▶ [DATASET EXTRACT]:
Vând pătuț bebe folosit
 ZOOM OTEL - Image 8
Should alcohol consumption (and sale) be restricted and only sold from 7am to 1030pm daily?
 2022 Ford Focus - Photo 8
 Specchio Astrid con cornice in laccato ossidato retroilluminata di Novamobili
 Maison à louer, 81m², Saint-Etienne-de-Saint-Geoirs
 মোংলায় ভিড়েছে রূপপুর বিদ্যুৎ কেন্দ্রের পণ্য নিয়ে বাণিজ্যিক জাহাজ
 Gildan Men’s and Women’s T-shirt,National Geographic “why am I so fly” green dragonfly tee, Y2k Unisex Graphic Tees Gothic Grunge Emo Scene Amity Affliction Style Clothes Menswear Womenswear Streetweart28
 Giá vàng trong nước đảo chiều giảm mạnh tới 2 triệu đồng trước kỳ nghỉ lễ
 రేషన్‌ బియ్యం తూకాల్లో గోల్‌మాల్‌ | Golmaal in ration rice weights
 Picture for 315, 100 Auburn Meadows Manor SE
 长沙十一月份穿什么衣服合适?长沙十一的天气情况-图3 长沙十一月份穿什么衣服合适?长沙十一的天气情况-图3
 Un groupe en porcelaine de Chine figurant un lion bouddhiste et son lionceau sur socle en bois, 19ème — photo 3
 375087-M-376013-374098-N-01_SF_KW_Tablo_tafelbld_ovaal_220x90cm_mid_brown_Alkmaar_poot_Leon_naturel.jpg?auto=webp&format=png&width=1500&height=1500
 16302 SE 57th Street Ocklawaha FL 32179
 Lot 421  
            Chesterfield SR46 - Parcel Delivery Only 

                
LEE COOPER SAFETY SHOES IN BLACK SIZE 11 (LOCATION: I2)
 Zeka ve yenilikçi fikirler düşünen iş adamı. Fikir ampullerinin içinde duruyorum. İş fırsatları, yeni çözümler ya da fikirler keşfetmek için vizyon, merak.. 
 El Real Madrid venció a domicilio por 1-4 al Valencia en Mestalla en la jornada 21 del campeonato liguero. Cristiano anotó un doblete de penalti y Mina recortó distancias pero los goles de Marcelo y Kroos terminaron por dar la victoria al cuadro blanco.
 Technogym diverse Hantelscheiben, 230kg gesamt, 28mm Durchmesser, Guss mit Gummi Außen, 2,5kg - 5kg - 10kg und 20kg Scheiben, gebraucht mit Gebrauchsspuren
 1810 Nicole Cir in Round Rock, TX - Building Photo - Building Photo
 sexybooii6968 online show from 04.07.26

▶ [WHAT YOU WILL DO]: Reproduce the records above exactly, character for character.

▶ [TASK OUTPUT]:
Vând pătuț bebe folosit
 ZOOM OTEL - Image 8
Should alcohol consumption (and sale) be restricted and only sold from 7am to 1030pm daily?
 2022 Ford Focus - Photo 8
 Specchio Astrid con cornice in laccato ossidato retroilluminata di Novamobili
 Maison à louer, 81m², Saint-Etienne-de-Saint-Geoirs
 মোংলায় ভিড়েছে রূপপুর বিদ্যুৎ কেন্দ্রের পণ্য নিয়ে বাণিজ্যিক জাহাজ
 Gildan Men’s and Women’s T-shirt,National Geographic “why am I so fly” green dragonfly tee, Y2k Unisex Graphic Tees Gothic Grunge Emo Scene Amity Affliction Style Clothes Menswear Womenswear Streetweart28
 Giá vàng trong nước đảo chiều giảm mạnh tới 2 triệu đồng trước kỳ nghỉ lễ
 రేషన్‌ బియ్యం తూకాల్లో గోల్‌మాల్‌ | Golmaal in ration rice weights
 Picture for 315, 100 Auburn Meadows Manor SE
 长沙十一月份穿什么衣服合适?长沙十一的天气情况-图3 长沙十一月份穿什么衣服合适?长沙十一的天气情况-图3
 Un groupe en porcelaine de Chine figurant un lion bouddhiste et son lionceau sur socle en bois, 19ème — photo 3
 375087-M-376013-374098-N-01_SF_KW_Tablo_tafelbld_ovaal_220x90cm_mid_brown_Alkmaar_poot_Leon_naturel.jpg?auto=webp&format=png&width=1500&height=1500
 16302 SE 57th Street Ocklawaha FL 32179
 Lot 421  
            Chesterfield SR46 - Parcel Delivery Only 

                
LEE COOPER SAFETY SHOES IN BLACK SIZE 11 (LOCATION: I2)
 Zeka ve yenilikçi fikirler düşünen iş adamı. Fikir ampullerinin içinde duruyorum. İş fırsatları, yeni çözümler ya da fikirler keşfetmek için vizyon, merak.. 
 El Real Madrid venció a domicilio por 1-4 al Valencia en Mestalla en la jornada 21 del campeonato liguero. Cristiano anotó un doblete de penalti y Mina recortó distancias pero los goles de Marcelo y Kroos terminaron por dar la victoria al cuadro blanco.
 Technogym diverse Hantelscheiben, 230kg gesamt, 28mm Durchmesser, Guss mit Gummi Außen, 2,5kg - 5kg - 10kg und 20kg Scheiben, gebraucht mit Gebrauchsspuren
 1810 Nicole Cir in Round Rock, TX - Building Photo - Building Photo
 sexybooii6968 online show from 04.07.26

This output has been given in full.